> _Data provided_:
------------------------------------------------
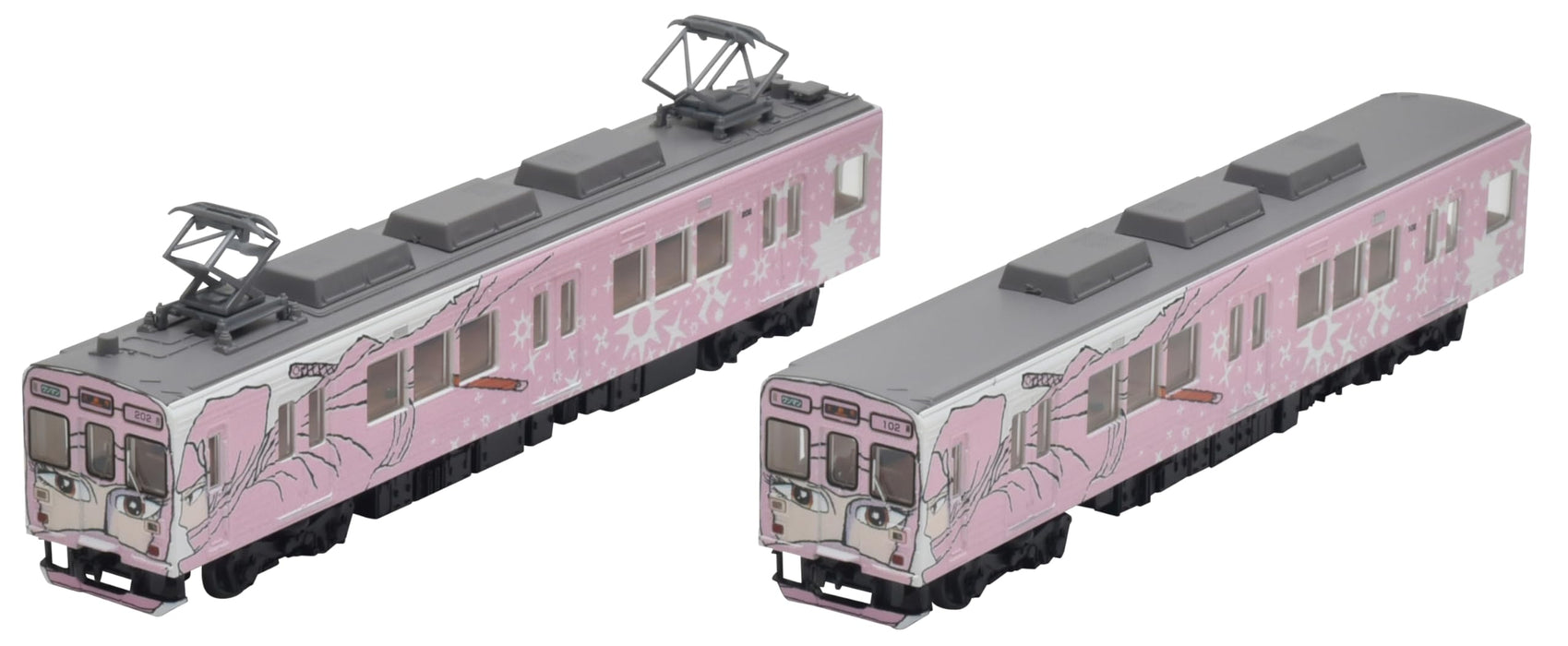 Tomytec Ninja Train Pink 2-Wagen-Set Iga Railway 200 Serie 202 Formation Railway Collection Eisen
------------------------------------------------
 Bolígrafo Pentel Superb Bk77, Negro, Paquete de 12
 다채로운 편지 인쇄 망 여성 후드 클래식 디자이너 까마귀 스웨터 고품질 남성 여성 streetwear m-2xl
------------------------------------------------
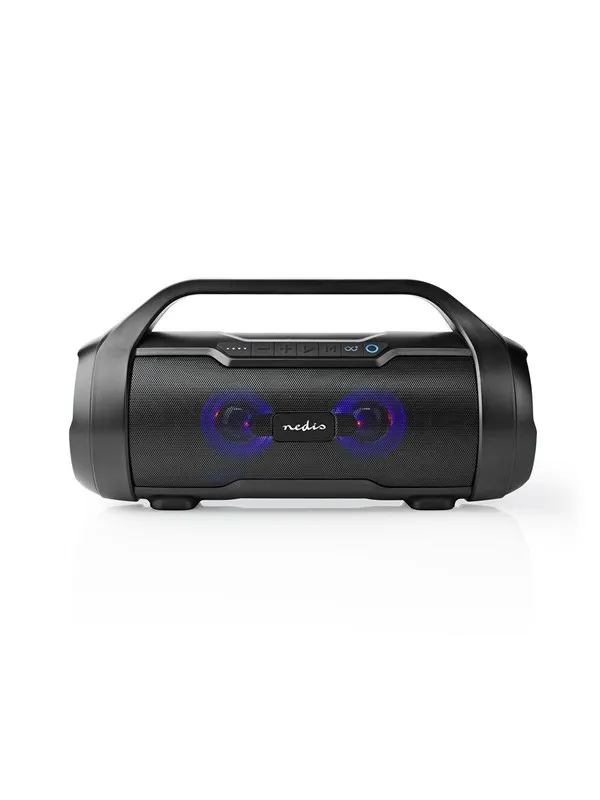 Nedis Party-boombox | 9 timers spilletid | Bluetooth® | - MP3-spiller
------------------------------------------------
> _Activity_:
Please make an exact copy of the lines above from the line with "Bolígrafo Pentel Superb" through the line with "다채로운 편지 인쇄 망", both ends included.

> _Reply_:
 Bolígrafo Pentel Superb Bk77, Negro, Paquete de 12
 다채로운 편지 인쇄 망 여성 후드 클래식 디자이너 까마귀 스웨터 고품질 남성 여성 streetwear m-2xl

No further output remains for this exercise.